Particularly intriguing is “repurposing” of drugs already approved by the FDA for other applications, she said. Such applications could reduce time to market by many years.

“If you think about neurodegeneration in the brain,” Zeng said, “and Parkinson’s disease, very often it affects mitochondria” as well. Alzheimer’s disease has also been linked to impaired mitochondria functioning. “If you find a drug that can affect the mitochondria, you can maybe treat multiple diseases,” she said.

Cell therapy for Parkinson’s and other diseases is a few years away, Zeng said, and represents a frontier of science. “It has not been tried before,” she said. “It’s very exciting.”
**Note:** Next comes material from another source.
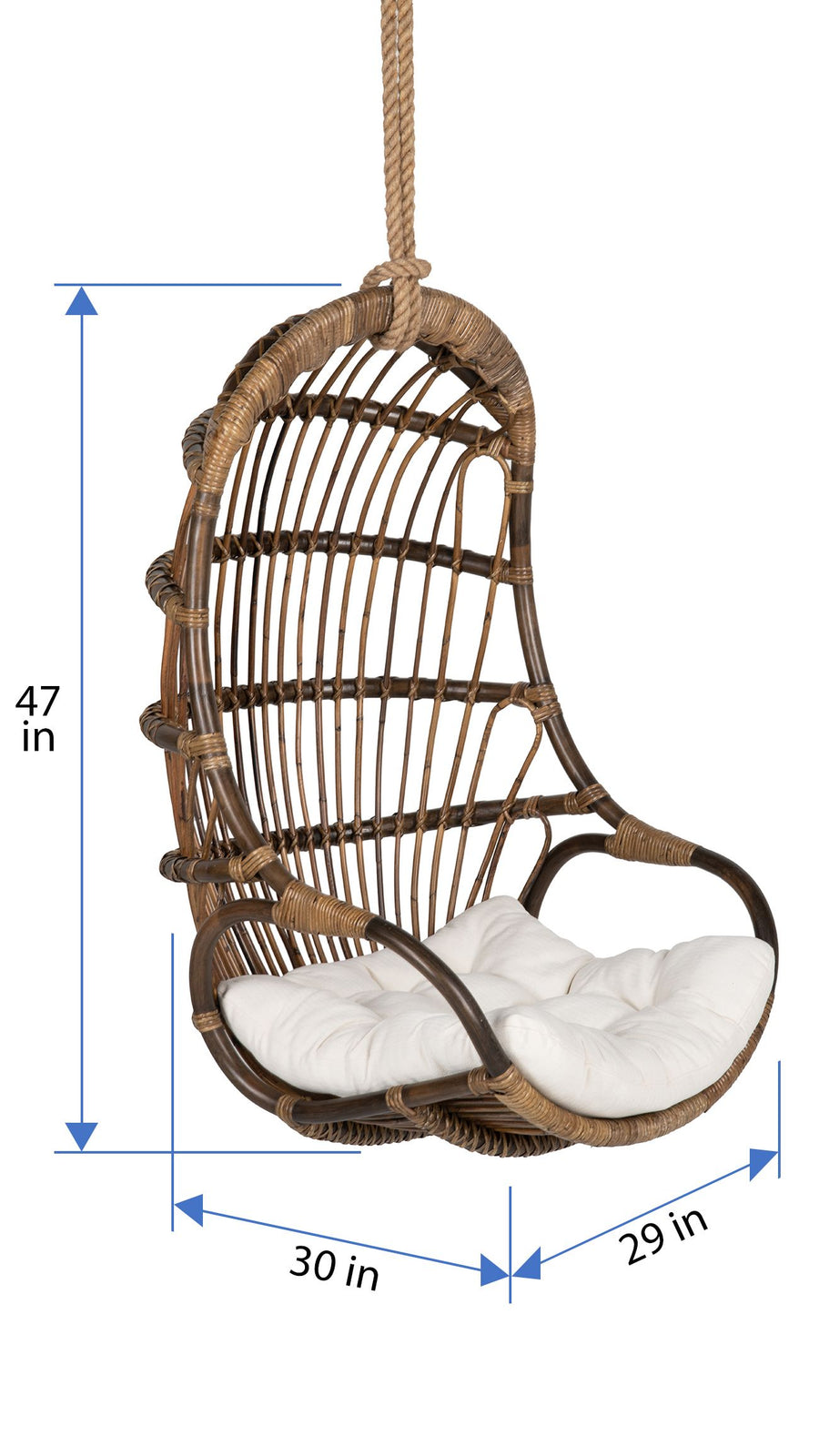 Kouboo Hanging Rattan Swing Chair With White Seat Cushion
Last year Zeng met with the FDA to discuss the prospect of clinical trials for her work, and an investigational new drug application. “Where I am is to manufacture the cells in the CGMP (Current Good Manufacturing Practice of the FDA),” she said. “It’s very expensive.”
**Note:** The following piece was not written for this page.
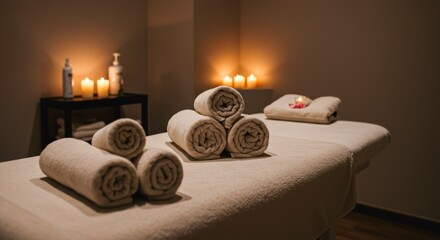 Cozy Spa Room with Rolled Towels, Candles, and Relaxing Ambiance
Pre-clinical studies and testing in mice would take about two years, and a Phase I clinical trial could be three years away. That trial would take roughly two more years, followed by Phase II and III trials.

GENE EDITING

A third research approach is to attempt editing of specific genes typically mutated in Parkinson’s patients, such as SNCA, PARK2, LRRK2 and GBA.

Zeng’s team compares genes from Parkinson’s patients with those from healthy people, analyzing them at the molecular level. “You can maybe use some specific drug that” affects a particular genetic pathway. “We have done this with the patient line,” Zeng said.
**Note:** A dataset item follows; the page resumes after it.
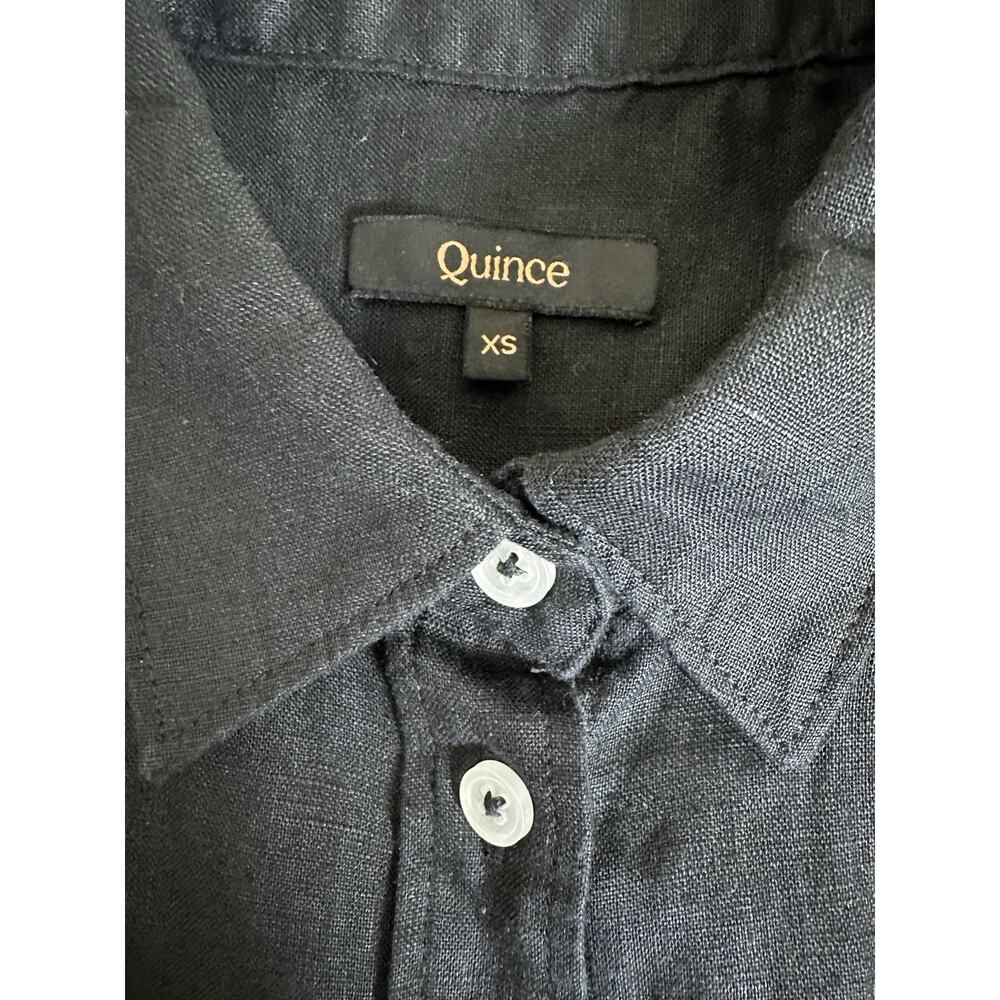 Quince Women XS Black 100% European Linen Long Sleeve Shirt - Picture 3 of 8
She also has taken healthy control cells and created mutations identical to those in Parkinson’s patients. “I make a specific mutation that is linked to Parkinson’s disease,” she said. “Then I compare this to isogenic cells — identical genetic background.” Such research provides highly detailed information about how drug molecules affect cells.

Another strategy is to take cells with particular genetic mutations and correct those mutations, “what we call genome editing,” she said. “This is one of my interests, to develop genome-editing technology. Then you can see if the phenotype (physical expression of genetic mutation) is rescued or not. This can also help predict a drug’s effect. Would it work for this patient or not — personalized medicine,” she said. “Today we can do genome editing relatively easily.”

The potential to help millions of Parkinson’s patients and their families through groundbreaking science is a potent motivator for her research and related business enterprise. “I love work in this field,” Zeng said. “This new technology can benefit human health. In the end, I want to develop a therapy — if I can make a difference, no matter how small, that’s my goal. Think about — if I can prevent them from getting sick.” The impact could be gigantic.

Though Zeng doesn’t directly treat Parkinson’s patients, “I understand their pain,” she said. “I see how they struggle.”